Artifact locations are resolved via the `--artifacts` flag. Targets may be a
local directory (`file:///./peagen_artifacts`) using `S3FSFilter` or an
S3/MinIO endpoint (`s3://host:9000`) handled by `MinioFilter`. Custom
filters and publishers can be supplied programmatically:

```python
from peagen.core import Peagen
from swarmauri_gitfilter_minio import MinioFilter
from peagen.plugins.publishers.webhook_publisher import WebhookPublisher

store = MinioFilter.from_uri("s3://localhost:9000/peagen")
bus = WebhookPublisher("https://example.com/peagen")
```

Another Example:

```
from peagen.plugins.publishers.redis_publisher import RedisPublisher
from peagen.plugins.publishers.rabbitmq_publisher import RabbitMQPublisher

store = MinioFilter.from_uri("s3://localhost:9000/peagen")
bus = RedisPublisher("redis://localhost:6379/0")
# bus = RabbitMQPublisher(host="localhost", port=5672, routing_key="peagen.events")

pea = Peagen(
    projects_payload_path="projects.yaml",
    git_filter=store,
    agent_env={"provider": "openai", "model_name": "gpt-4"},
)

bus.publish("peagen.events", {"type": "process.started"})
pea.process_all_projects()
```

### Contributing & Extending Templates

* **Template Conventions:** Place new Jinja2 files under your `TEMPLATE_BASE_DIR` as `*.j2`, using the same context variables (`projects`, `packages`, `modules`) that core templates rely on.
* **Adding New Commands:** Define a new subcommand in `cli.py`, wire it into the parser, instantiate `Peagen`, and call core methods.
* **Submitting Pull Requests:** Fork the repo, add/update templates under `peagen/templates/`, update docs/README, and open a PR tagging maintainers.

### Textual TUI

Run `peagen tui` to launch an experimental dashboard that
subscribes to the gateway's `/ws/tasks` WebSocket.
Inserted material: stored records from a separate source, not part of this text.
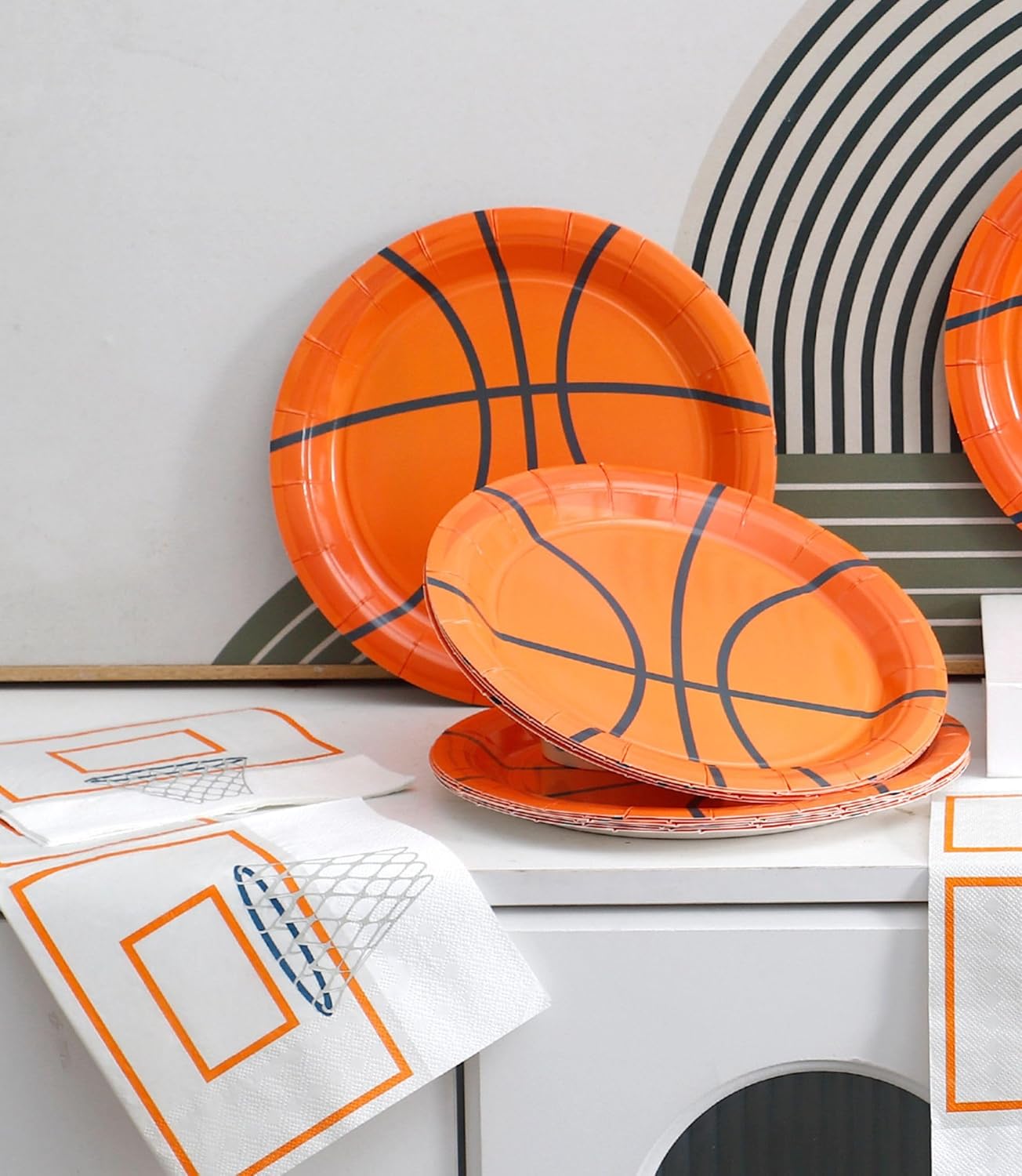 Winoo Design 48PCS Basketball Plates and Napkins Party Supplies - 24 PK - 9 Inch Basketball Paper Plates 6.5 Inch Paper Napkins Basketball Birthday Party Decorations Decor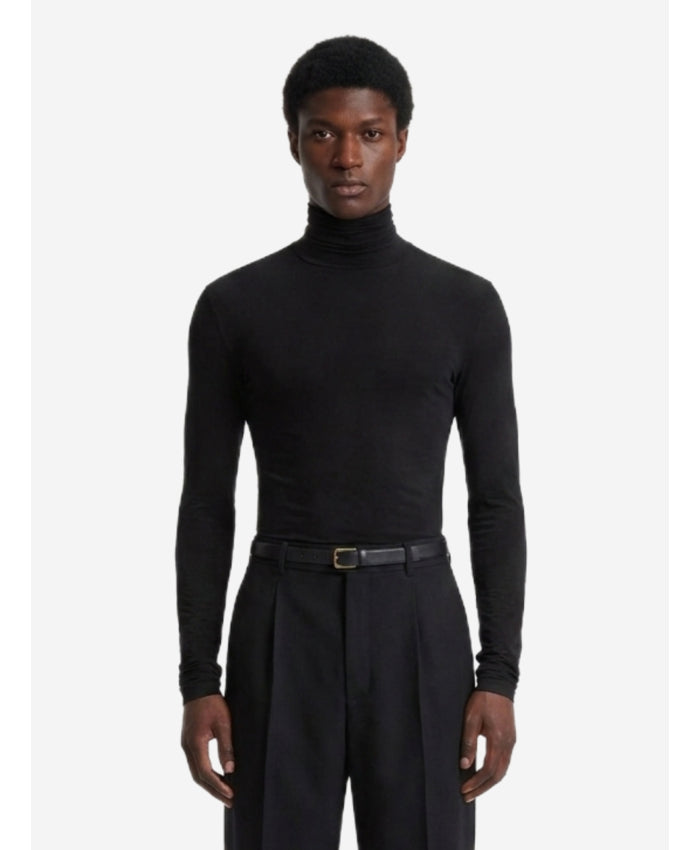 Saint Laurent Men's Stretch Jersey Turtleneck Top in Black
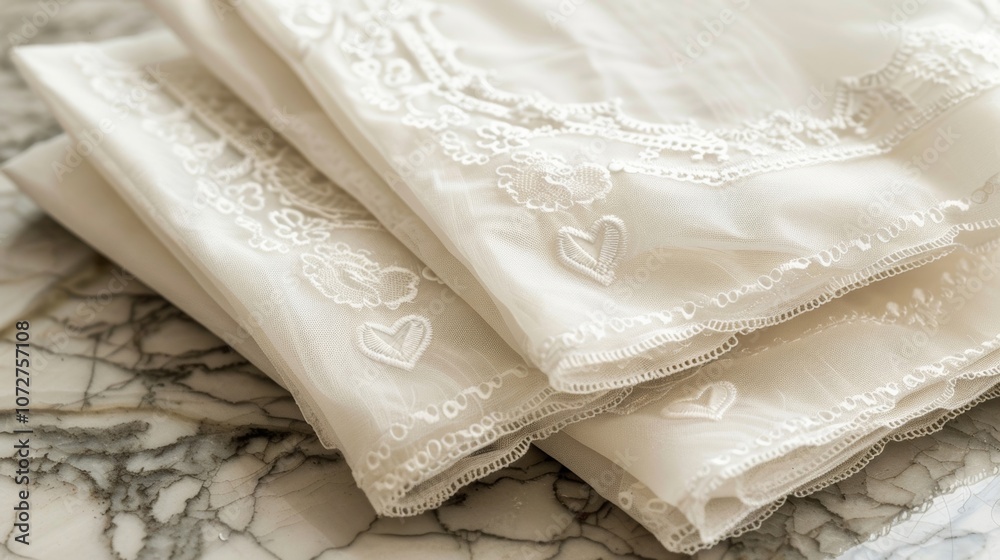A romantic set of lace handkerchiefs featuring delicate lace edging and embroidered hearts. A perfect accessory for tears of joy on a special day. A romantic set of lace handkerchiefs featuring delicate lace edging and embroidered hearts. A perfect accessory for tears of joy on a special day.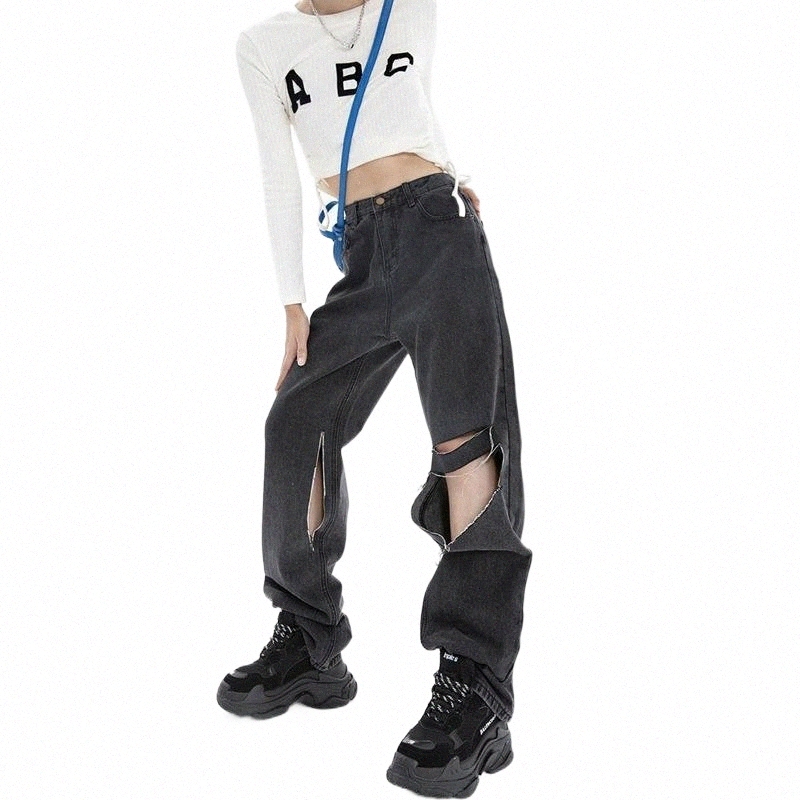 Women's Jeans women's Jeans Black Woman Ripped High Waist Denim Trouser Baggy Streetwear Design Ladies Vintage Wide Leg Straight Summer-image-801399922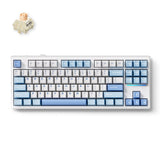 Mchose k87 blå icy creamsicle mekanisk rgb-tastatur (hvid, us-layout (qwerty), kailh box icy creamsicle, 80% (tkl), rgb, hot swap, double-shot pbt, trådløs | bluetooth | usb-c)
The gateway now emits
`task.update`, `worker.update` and `queue.update` events. Use the tab keys to
switch between task lists, logs and opened files. The footer shows system
metrics and current time. Remote artifact paths are downloaded via their git
filter and re-uploaded when saving.

### Streaming Events with wscat

Use the [`wscat`](https://github.com/websockets/wscat) CLI to inspect the
gateway's WebSocket events directly from the terminal:

```bash
npx wscat -c https://gw.peagen.com/ws/tasks
```

Incoming JSON messages mirror those displayed in the TUI, providing a quick way
to monitor `task.update`, `worker.update`, and `queue.update` events.

## Results Backends
Peagen supports pluggable results backends. Built-in options include `local_fs`, `postgres`, and `in_memory`.